Hey! Submit to our contest, and please pass this on to any writers you know who might be interested. 

(In case the name of the journal is confusing— this is a magazine published at Columbia, not one meant for publishing Columbia students’ work. Past issues have included work by Matthew Derby, Eula Biss, and other such stars of my personal pantheon.)

To be repetitive and blunt: please enter, and please reblog the heck outta this.

$500 prizes in each genre: fiction, nonfiction, and poetry

Plus publication in our landmark 50th issue.

Judges:

Nonfiction:
Anne Fadiman
The Spirit Catches You and You Fall Down
National Book Critics Circle Award 1997

Fiction:
Dinaw Mengestu
How to Read the Air
The New Yorker “20 Under 40” 2010

Poetry:
Eileen Myles
Inferno: a poet’s novel
Lambda Literary Award 2010

Runners-up will be considered for publication on our website.
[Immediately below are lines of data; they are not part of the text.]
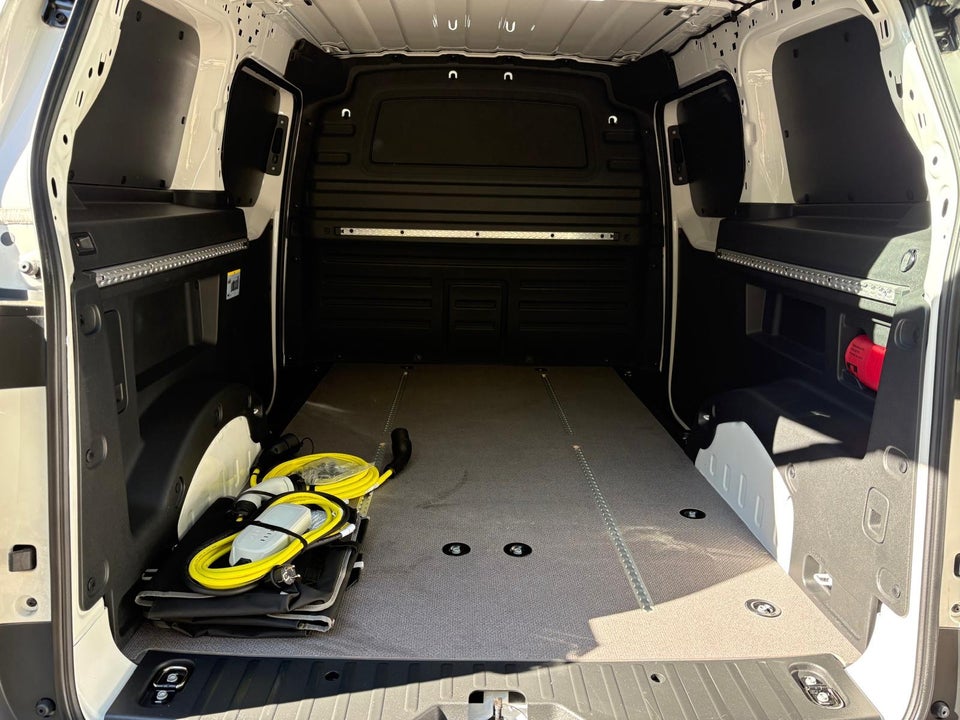 VW ID. Buzz 79 Cargo Pro 4Motion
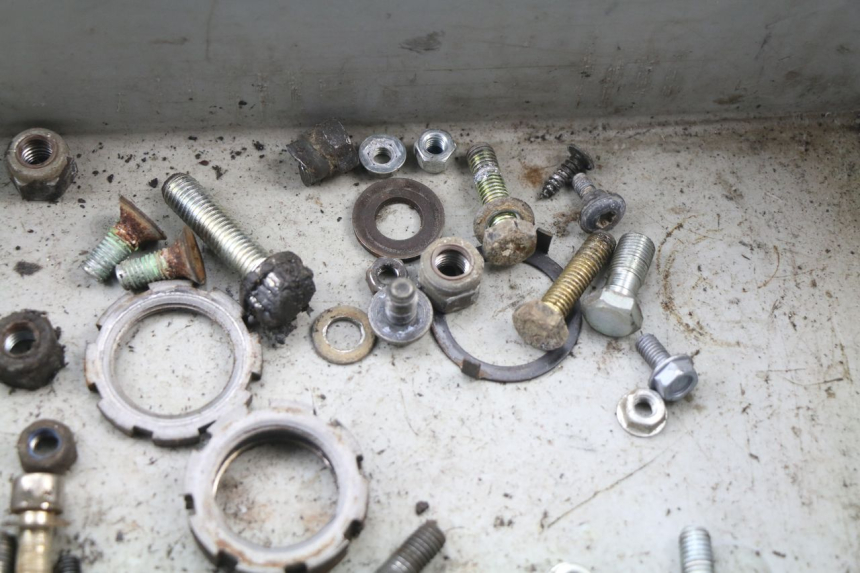 photo de SCREWS BAG PEUGEOT TREKKER TKR 50 (2005 - 2014)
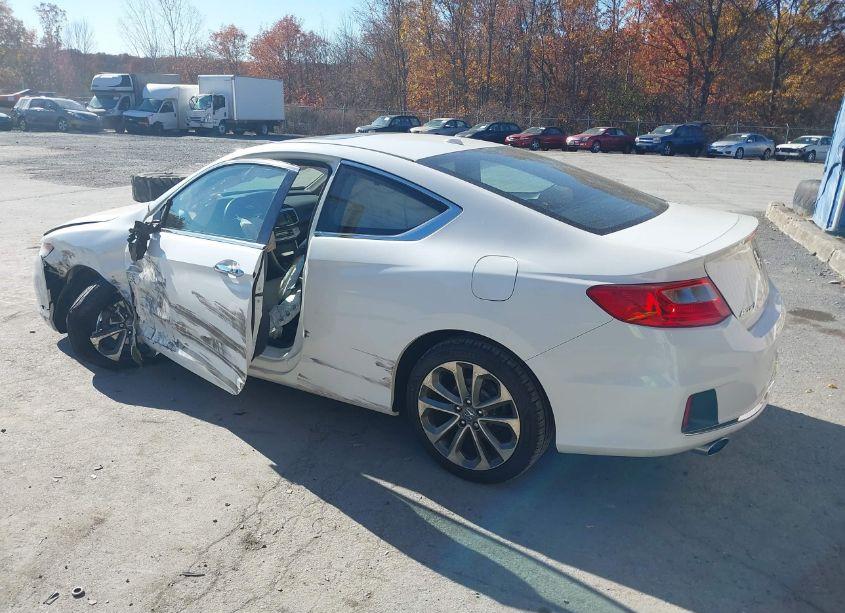 Photo 3 of 2015 Honda Accord EX-L V-6 (VIN 1HGCT2B81FA008017)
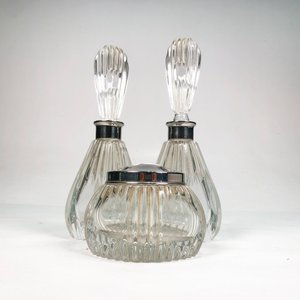 Set de Tres Perfumeros y Polvera de Cristal con Detalles Metálicos - imagen 3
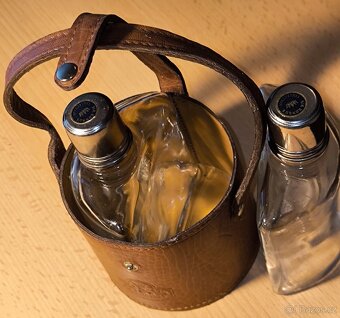Luxusní cestovní sada na alkohol Sir Rondos. - 4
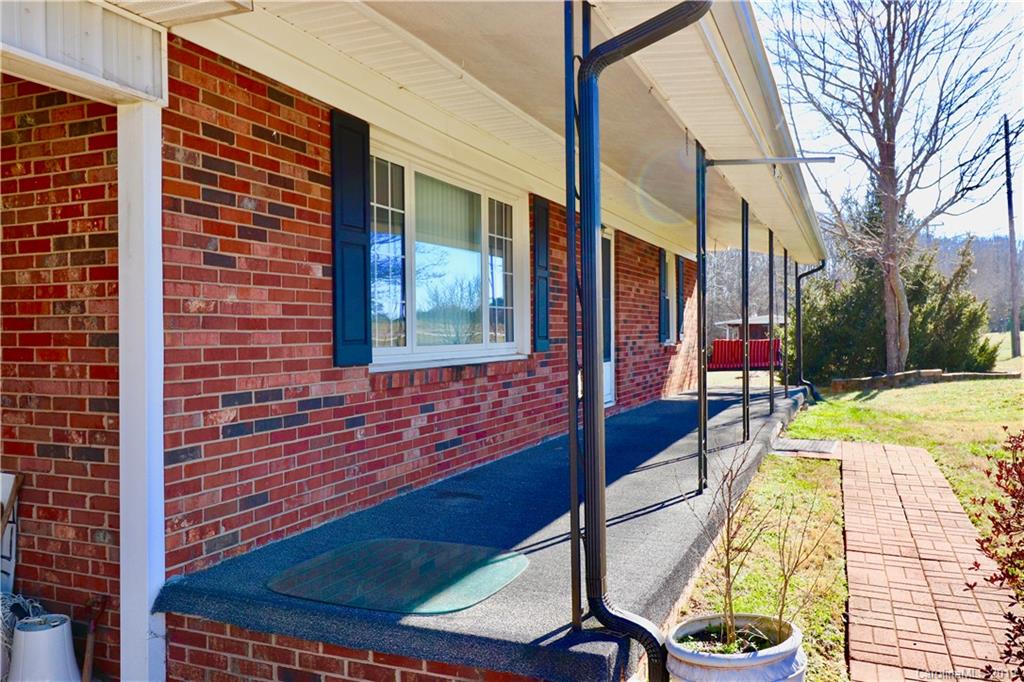 133 Azalea Road Mooresville, NC 28115 - Photo 3 of 25 Gallery Image 3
Entry fee is $14 and includes a copy of Journal 50.
Deadline: February 1, 2012.

Submit your work via our submission manager: https://columbiajournal.org/submissions/

Please note: after your file is uploaded, you will be automatically directed to our payment portal, which will allow you to buy a virtual “ticket” to the contest ($13 plus 75₵ processing fee).

Literary fame and cash can be yours!

Holy THESE JUDGES Batman! Please submit your work or tell your friends!

I’m very excited our own Anne Fadiman is judging this one. Fun fact: The Spirit Catches You and You Fall Down will be released in an updated edition this spring.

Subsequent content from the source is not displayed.